● DIRECTIONS FOR THIS TASK: A verbatim copy of the full data, with no pictures, is the expected answer.

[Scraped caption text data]
>>
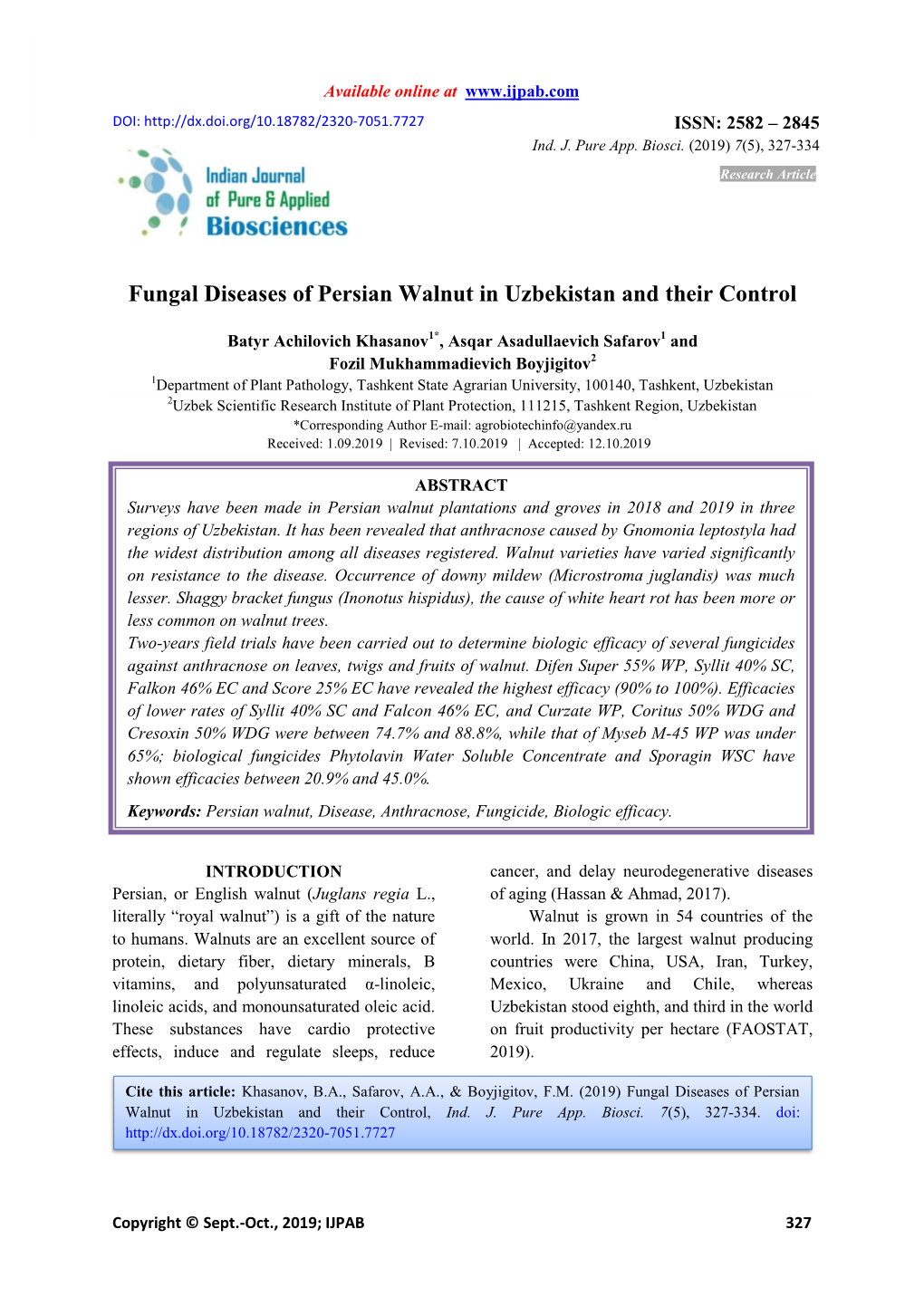 Fungal Diseases of Persian Walnut in Uzbekistan and Their Control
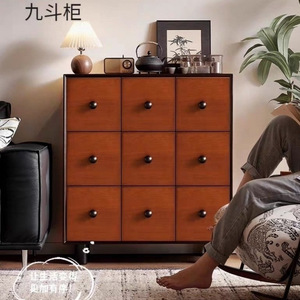 ตู้ลิ้นชักไม้เนื้อแข็งเก้าลิ้นชัก ตู้เก็บของห้องนั่งเล่นทำจากไม้บ็อกซ์วูด - Product Image 2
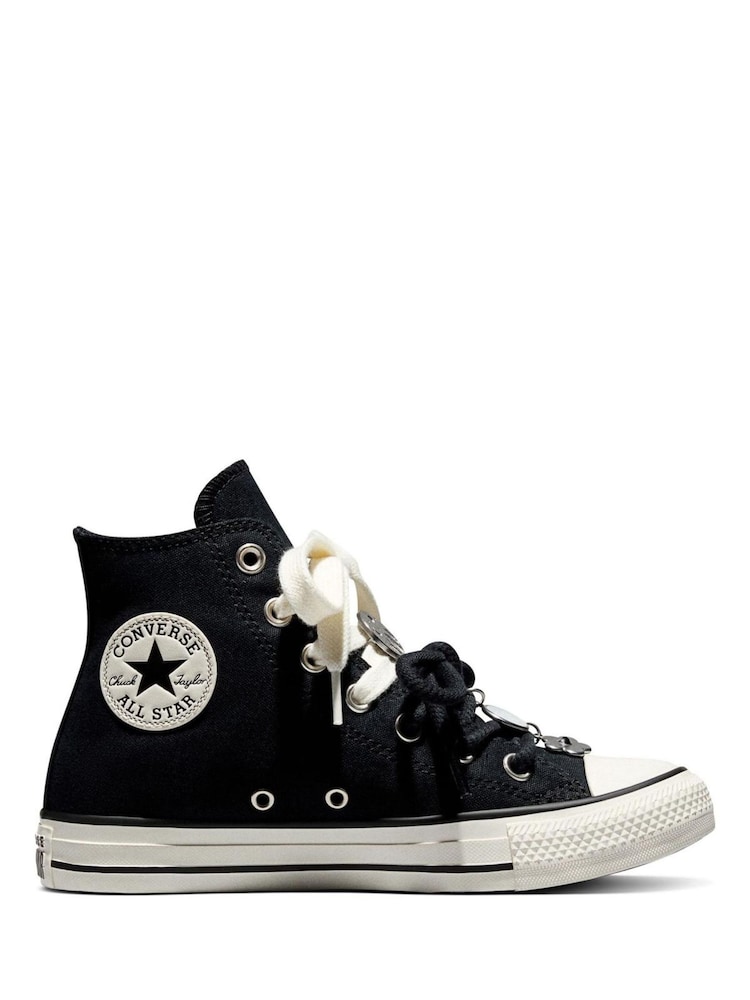 Converse Black Chuck Taylor All Star Floral Charm High Trainers - Image 1 of 12 Converse Black Chuck Taylor All Star Floral Charm High Trainers - Image 1 of 12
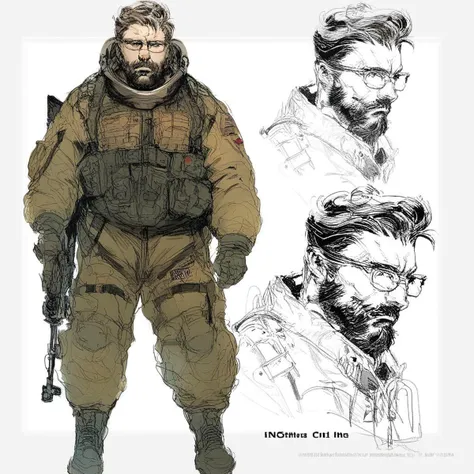 score_9, score_8_up, score_7_up, score_6_up, reference sheet, Character Sheet, Sketch, Multiple Views,  astronaut with sniper rifle soldier, hair, beard, glasses, concept art, yojishinkawa, <lora:MGS_V3_Pony:1>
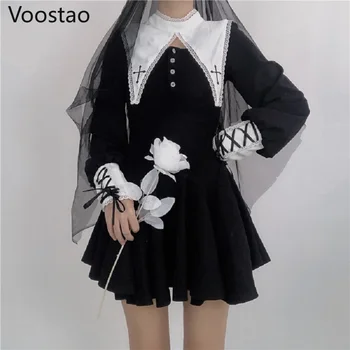Tmavé Gothic Lolita Šaty Žien Vintage Viktoriánskej Čipky Patchwork Stojan Golier Mini Šaty Japonský Dievčenskú Elegantné Punk Party Šaty
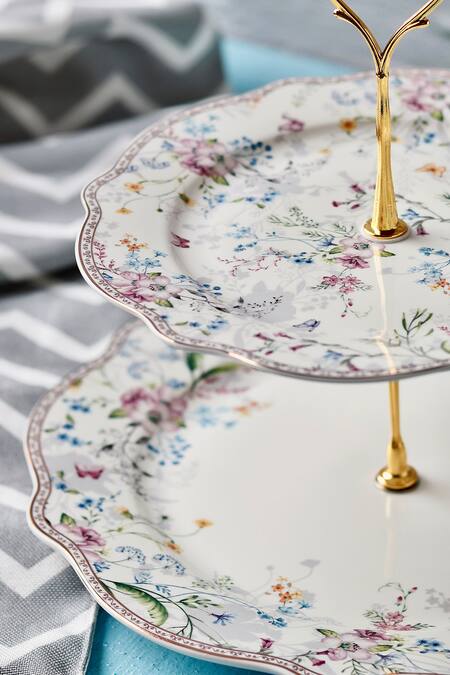 Buy Vigneto Multi Color Finest Premium Porcelain Flower Pattern Bed Two Tier Dessert Stand Online at Aza Fashions Buy_Vigneto_Multi Color Finest Premium Porcelain Flower Pattern Bed Two Tier Dessert Stand_Online_at_Aza_Fashions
<<
● RESULT BELOW:
 Fungal Diseases of Persian Walnut in Uzbekistan and Their Control
 ตู้ลิ้นชักไม้เนื้อแข็งเก้าลิ้นชัก ตู้เก็บของห้องนั่งเล่นทำจากไม้บ็อกซ์วูด - Product Image 2
 Converse Black Chuck Taylor All Star Floral Charm High Trainers - Image 1 of 12 Converse Black Chuck Taylor All Star Floral Charm High Trainers - Image 1 of 12
 score_9, score_8_up, score_7_up, score_6_up, reference sheet, Character Sheet, Sketch, Multiple Views,  astronaut with sniper rifle soldier, hair, beard, glasses, concept art, yojishinkawa, <lora:MGS_V3_Pony:1>
Tmavé Gothic Lolita Šaty Žien Vintage Viktoriánskej Čipky Patchwork Stojan Golier Mini Šaty Japonský Dievčenskú Elegantné Punk Party Šaty
 Buy Vigneto Multi Color Finest Premium Porcelain Flower Pattern Bed Two Tier Dessert Stand Online at Aza Fashions Buy_Vigneto_Multi Color Finest Premium Porcelain Flower Pattern Bed Two Tier Dessert Stand_Online_at_Aza_Fashions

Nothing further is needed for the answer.